1. TRANSLATE the problem information

• Given information:
  • \(\mathrm{f(x) = 2x + 3}\)
  • \(\mathrm{g(x) = x - 4}\)
  • \(\mathrm{a = 5}\)
• We need to find: \(\mathrm{f(a - 2) + 2g(a)}\)

2. INFER the solution strategy

• We need to work from the inside out: first find the input values, then evaluate each function, then combine the results
• Key insight: \(\mathrm{f(a - 2)}\) means we substitute \(\mathrm{(a - 2)}\) into function f, and \(\mathrm{2g(a)}\) means we multiply \(\mathrm{g(a)}\) by 2

3. SIMPLIFY the first substitution

• Calculate the input for f: \(\mathrm{a - 2 = 5 - 2 = 3}\)
• So we need \(\mathrm{f(3)}\)

4. SIMPLIFY the function evaluations

• Evaluate \(\mathrm{f(3)}\):
  \(\mathrm{f(3) = 2(3) + 3}\)
  \(\mathrm{= 6 + 3}\)
  \(\mathrm{= 9}\)
• Evaluate \(\mathrm{g(5)}\): \(\mathrm{g(5) = 5 - 4 = 1}\)
• Calculate \(\mathrm{2g(a)}\): \(\mathrm{2g(5) = 2(1) = 2}\)
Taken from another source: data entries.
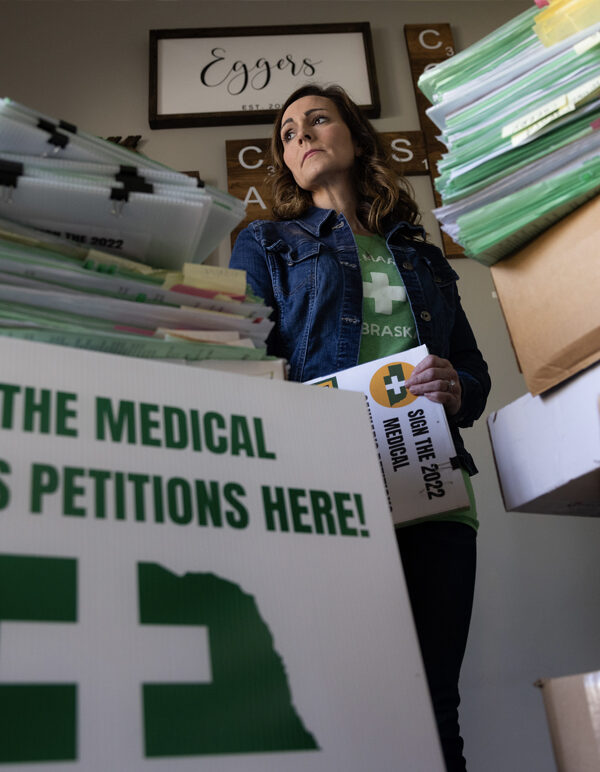 Plaintiff Crista Eggers stands next to collected signatures at her home.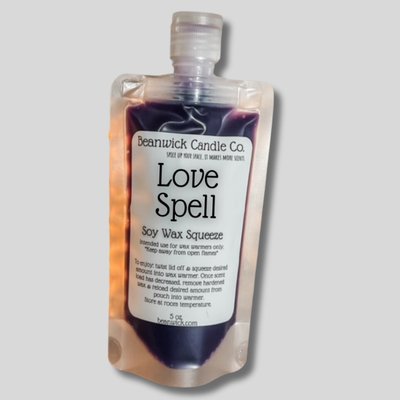 a bottle of love spell on a gray background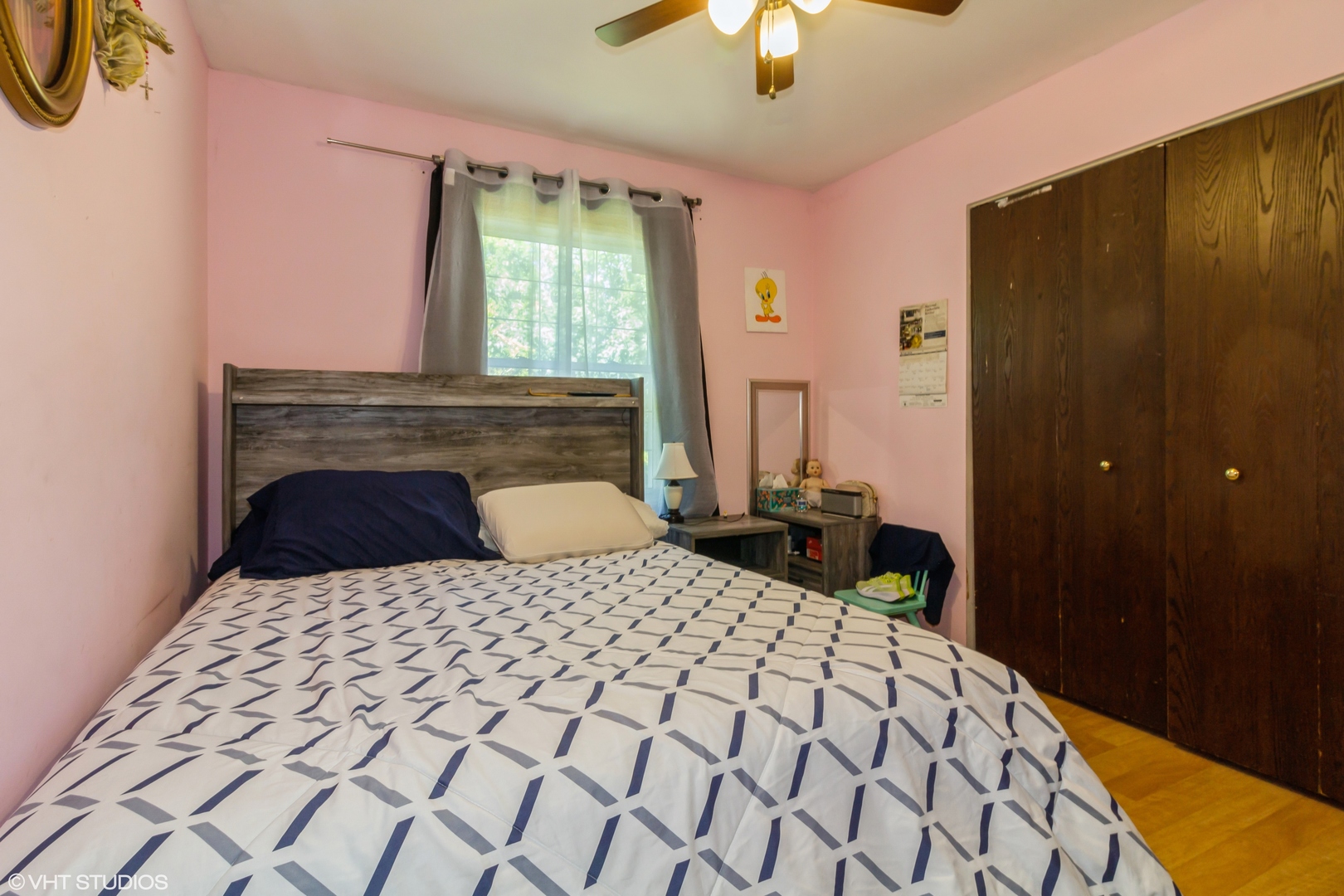 671 Rockhurst Road Bolingbrook, IL 60440 - Photo 10 of 17 a bedroom with a large bed and a chandelier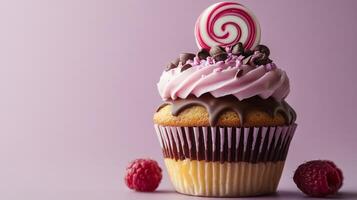 A cupcake with chocolate frosting and a pink lollipop photo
5. SIMPLIFY the final calculation

• Add the results: \(\mathrm{f(a - 2) + 2g(a) = 9 + 2 = 11}\)

Answer: B (11)

Why Students Usually Falter on This Problem

Most Common Error Path:

Weak INFER skill: Students evaluate the wrong function inputs, such as calculating \(\mathrm{f(a)}\) instead of \(\mathrm{f(a-2)}\), or calculating \(\mathrm{2g(a-2)}\) instead of \(\mathrm{2g(a)}\).

For example, if they calculate \(\mathrm{f(5) = 2(5) + 3 = 13}\) and \(\mathrm{g(3) = 3 - 4 = -1}\), then \(\mathrm{2g(3) = -2}\), giving \(\mathrm{f(a) + 2g(a-2) = 13 + (-2) = 11}\). Coincidentally, this still gives 11, so this particular error wouldn't show up. But if they calculated \(\mathrm{f(5) + g(3) = 13 + (-1) = 12}\), this may lead them to select Choice C (12).

Second Most Common Error:

Poor SIMPLIFY execution: Students make arithmetic errors during function evaluation or forget to multiply \(\mathrm{g(a)}\) by 2.

For instance, if they correctly find \(\mathrm{f(3) = 9}\) and \(\mathrm{g(5) = 1}\), but then calculate \(\mathrm{f(a-2) + g(a) = 9 + 1 = 10}\) (forgetting the factor of 2), this may lead them to select Choice A (10).

The Bottom Line:

Success requires careful attention to what's inside each function and systematic evaluation of each piece before combining results.